Regret #1: I shared my feelings about the guy that I was dating on my blog AND on ForHarriet.com before sharing my feelings with him. I didn’t divulge personal diary worthy information about him, but I talked about my issues with his height. I regret that I didn’t talk to him about it first because it came back to bite me in the proverbial ass. When he asked me if I had any issues dating him despite his height (I’m 5’7” without heels and he’s 5’9”) I told him that I didn’t, but in reality I did because I love my 3” and 4” heels. He wound up discovering my blog by looking at my Facebook page and confronted me about my words. I was able to smooth things over with him, but the entire ordeal left a sour taste in his mouth and I cannot say that I blame him.

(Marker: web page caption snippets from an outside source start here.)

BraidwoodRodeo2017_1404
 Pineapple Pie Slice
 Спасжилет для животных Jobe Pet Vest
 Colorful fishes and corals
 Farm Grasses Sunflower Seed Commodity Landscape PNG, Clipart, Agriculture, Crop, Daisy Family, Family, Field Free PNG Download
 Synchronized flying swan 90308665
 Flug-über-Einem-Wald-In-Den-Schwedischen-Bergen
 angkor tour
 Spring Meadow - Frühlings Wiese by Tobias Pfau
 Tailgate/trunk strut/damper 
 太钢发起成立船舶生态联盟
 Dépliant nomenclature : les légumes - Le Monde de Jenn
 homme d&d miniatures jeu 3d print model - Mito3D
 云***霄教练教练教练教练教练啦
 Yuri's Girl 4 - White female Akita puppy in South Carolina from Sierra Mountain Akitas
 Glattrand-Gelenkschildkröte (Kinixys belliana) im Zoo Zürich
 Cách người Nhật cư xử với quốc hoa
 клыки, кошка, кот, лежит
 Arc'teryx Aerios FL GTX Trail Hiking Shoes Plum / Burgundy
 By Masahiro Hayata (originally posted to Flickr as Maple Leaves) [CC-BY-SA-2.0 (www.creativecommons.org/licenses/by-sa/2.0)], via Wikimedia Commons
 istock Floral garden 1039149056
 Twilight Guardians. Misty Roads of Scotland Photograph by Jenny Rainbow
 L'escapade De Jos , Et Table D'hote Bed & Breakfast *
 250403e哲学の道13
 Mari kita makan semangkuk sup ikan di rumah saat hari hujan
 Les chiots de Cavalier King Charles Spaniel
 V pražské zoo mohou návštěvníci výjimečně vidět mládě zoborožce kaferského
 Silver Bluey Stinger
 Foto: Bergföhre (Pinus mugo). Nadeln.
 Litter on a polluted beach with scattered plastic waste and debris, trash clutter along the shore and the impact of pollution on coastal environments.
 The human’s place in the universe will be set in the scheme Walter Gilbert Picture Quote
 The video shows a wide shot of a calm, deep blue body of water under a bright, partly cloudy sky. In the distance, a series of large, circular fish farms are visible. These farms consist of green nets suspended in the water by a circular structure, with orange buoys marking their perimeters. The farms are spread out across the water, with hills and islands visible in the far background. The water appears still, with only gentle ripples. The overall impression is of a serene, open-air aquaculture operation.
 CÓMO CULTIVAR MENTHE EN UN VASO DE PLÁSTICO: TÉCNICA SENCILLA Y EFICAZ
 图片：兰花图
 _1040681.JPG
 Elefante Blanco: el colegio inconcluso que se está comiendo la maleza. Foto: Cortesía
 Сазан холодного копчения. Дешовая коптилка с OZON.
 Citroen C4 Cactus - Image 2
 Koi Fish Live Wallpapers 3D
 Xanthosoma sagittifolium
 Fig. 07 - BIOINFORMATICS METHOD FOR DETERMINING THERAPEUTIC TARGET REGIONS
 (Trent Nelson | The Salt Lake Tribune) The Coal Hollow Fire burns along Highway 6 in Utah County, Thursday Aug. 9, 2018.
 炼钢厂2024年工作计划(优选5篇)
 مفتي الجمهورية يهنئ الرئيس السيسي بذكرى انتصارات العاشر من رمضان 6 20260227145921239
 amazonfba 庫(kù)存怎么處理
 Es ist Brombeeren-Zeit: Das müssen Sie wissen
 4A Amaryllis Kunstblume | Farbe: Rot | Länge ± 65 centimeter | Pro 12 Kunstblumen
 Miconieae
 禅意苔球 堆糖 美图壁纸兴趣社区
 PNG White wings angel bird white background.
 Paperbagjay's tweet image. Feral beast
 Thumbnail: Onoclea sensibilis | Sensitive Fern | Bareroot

Regret #2: I talked about a good date that I had with another gentleman and expressed my confusion for not getting an invite for a second date since we both enjoyed the first date. Again, this gentleman stumbled upon my blog by happenstance; I commented on another popular blog and he noticed my icon. He clicked on the icon and noticed my blog in its entirety – *insert stunned face here.*What made it worse was the the most recently published piece was about our first and last date! He wound up writing a long drawn out comment which I approved since it wasn’t mean-spirited and I responded offline. I felt foolish, again I’d shared something with my readers first without sharing my feelings with the subject of that blog post. You would think that I learned my lesson the first time, right?
With each regret/mistake comes a lesson. I’ve learned that in blogging you have to find the perfect balance between divulging too much information and sharing just enough so that your readers still find you to be transparent, personable, and relatable. I’ve learned to not keep my blog private with people that I meet or date. I lay it out on Front Street that I am a writer and a lifestyle blogger – letting them know that I write about my life making it a point to maintain anonymity at all times. It’s a courtesy and disclaimer in one. While I no longer discuss intricate feelings about the men that I’m dating without talking to them about it first, I do share incidental “chuckle worthy” stories about dating because some things just need to be shared.
With each post I become a better blogger. I am still working on the perfect balance and for that I have no regrets.
What has been your biggest regret as a blogger?